The Royals weren't too worried about the first stop -- Toronto, where Blue Jay fans are too euphoric about being atop AL East to malign anybody -- tacitly Brett gives next stop, Baltimore, credit for civility by saying:

"Just wait till we go to New York and Chicago. They'll eat him alive."

Teammate Hal McRae says Porter erred in confessing to drug addiction along with the previously revealed drinking problem."People will accept an alcoholic," said McRae. "Comedians make jokes about drunks. But nobody makes jokes about drug addicts. Society just won't accept a drug addict. Wait till when Darrell is in a slump -- what do you think people are going to blame it on? Darrell's the kind of guy who's always taken a lot of junk from the fans anyway. Now it's going to be a thousand times worse."

Pitcher Paul Splittorff put in: "It's going to be horrible. But I know Darrell, and I think he's going to be able to deal with it". . .

Jim Valvano, the N.C. State basketball coach since leaving Iona last month, denies a New York newspaper report that he was aware his star center at the New Rochelle, N.Y., school, Jeff Ruland, had signed with and received payments from professional agent Paul Corvino that were illegal under NCAA regulations. Ruland entered the NBA draft pool when discovery of an arrangement with the agent made him ineligible for his senior year -- and perhaps, retroactively, his just-completed junior campaign.
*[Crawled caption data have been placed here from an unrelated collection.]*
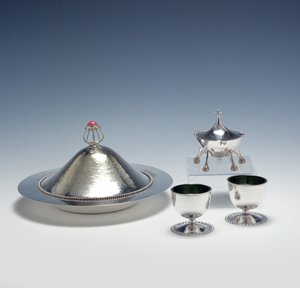 Metalarbejde, 1893-1907 af Charles Robert Ashbee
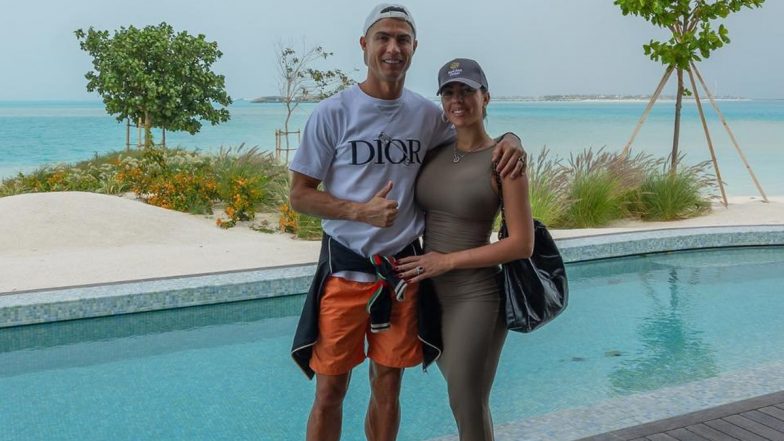 Cristiano Ronaldo Looks Uber-Cool With Girlfriend Georgina Rodríguez As  Al-Nassr Forward Enjoys Time with Family (See Pic) | ⚽ LatestLY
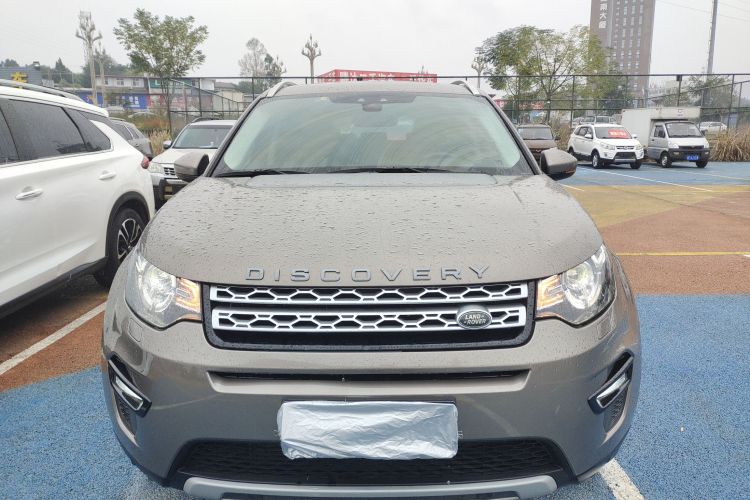 路虎 发现神行 2016款 2.0T HSE车身外观6001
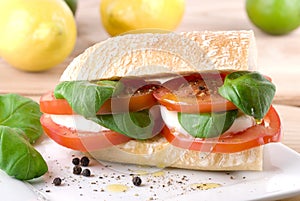 Mozzarella Ciabatta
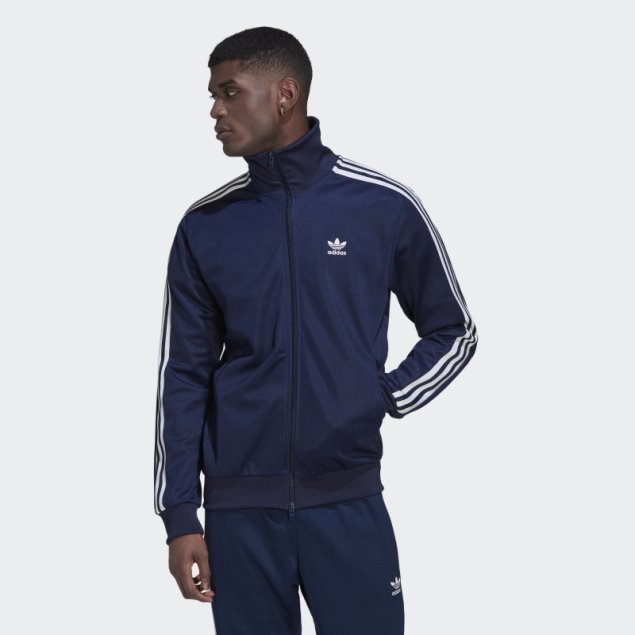 Chaqueta De Chándal Adidas Night Indigo Adicolor Classics Beckenbauer Primeblue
Valvano said he never heard of Corvino until after the past season.

That's right, echoes Corvino, adding, "The only thing Jeff signed with me was a paper a year ago endorsing Ronald Reagan, and there was no money involved." . . .

Bill Stein, Georgetown assistant basketball coach, asks us to clarify, re Saturday's item, that the Hoyas didn't "lose" 6-foot-11 Philadelphia Tony Costner to St Joseph's -- rather, "we told Costner three weeks ago we no longer were recruiting him, because we got a commitment out of another kid." Similar size? "Yes." Maybe the committed one's identity will leak at tonight's GU basketball awards banquet, Sheraton National in Arlington. Guest speaker: Derrick Jackson, the all-time Hoya scorer who played the past two seasons with Athletes in Action . . .

Joe Thomas, the former Dolphin, Colt and 49er honcho, will do on-the-scene analysis of the NFL draft from ESPN's anchor position at New York's Sheraton Centre today. Coverage starts 10 a.m.; viewable in this area on ARTEC, the Arlington cable TV system . . . The NFL Management Council filled its vacant post of executive director yesterday with John Donlan, v.p. industrial relations, National Airlines . . .

Recruiting? Webb Heintzelman, the Walt Whitman High star who won last year's Bubby Worsham tourney among many other area junior events and made the National Junior Amateur quarterfinals, has signed with U. of South Carolina. . .

Vince Gibson is Tulane's new football coach, and U. of Louisville coupled his introduction in New Orleans with promotion of Bob Weber, his offensive coordinator the past four years at Lou'vl and before that at Kansas State, to succeed him. Gibson signed a four-year contract at Tulane, taking with him a 56-83-2 record for 13 years at K-State and Louisville; 4-6-1 last season.

Vince Dooley of Georgia, speaking of coaching Vinces, visited Washington the other day on tour in the American Football Coaches Association's continuing promotion of physical fitness for Americans. The program is in its 18th year, since President John Kennedy lit the fire. And would you believe that Dooley, heading just into his 17th year at Georgia, trails only Bear Bryant of Alabama and Bill Yeoman of Houston in head-coaching longevity among almost 150 schools in Division I-A? . . .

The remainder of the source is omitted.